_Problem to work on:_
Take the material below and extract the lines from the one with "梓里酒店(哈尔滨江北大学城地铁站店)图片" through the one with "ایده های ناب", word for word, without pictures.

_Material for this task:_
--
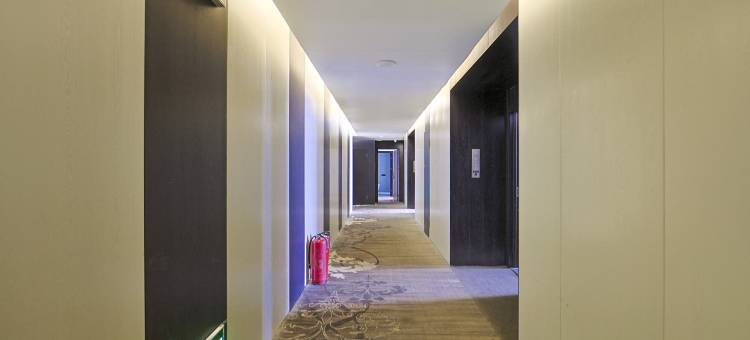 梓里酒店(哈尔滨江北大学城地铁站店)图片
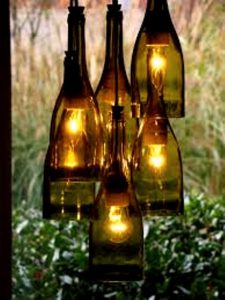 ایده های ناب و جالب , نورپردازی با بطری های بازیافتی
--
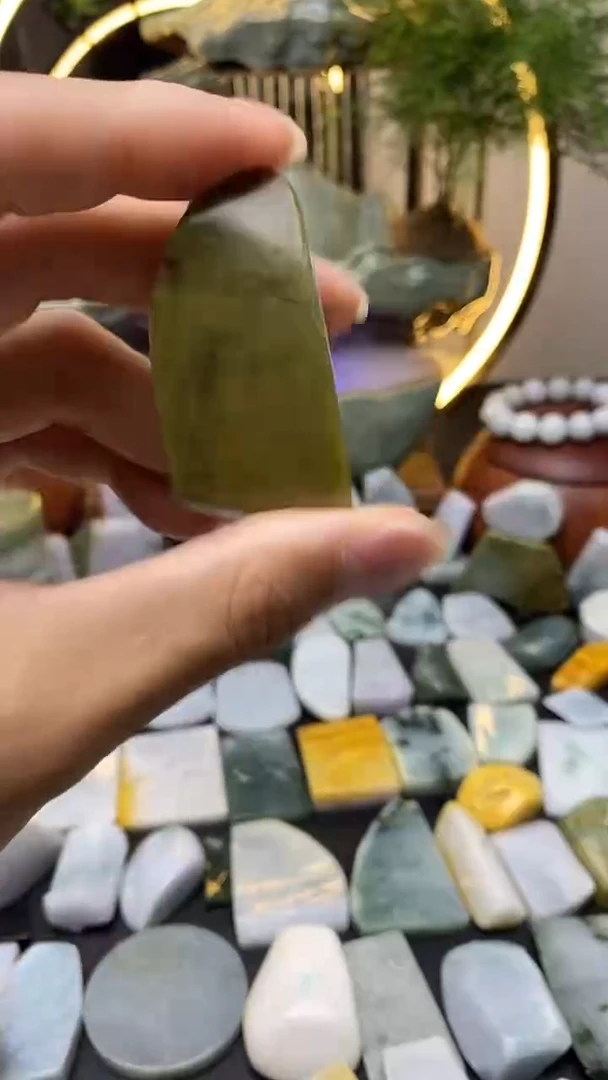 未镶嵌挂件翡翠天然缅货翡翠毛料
--
_Answer section:_
 梓里酒店(哈尔滨江北大学城地铁站店)图片
 ایده های ناب و جالب , نورپردازی با بطری های بازیافتی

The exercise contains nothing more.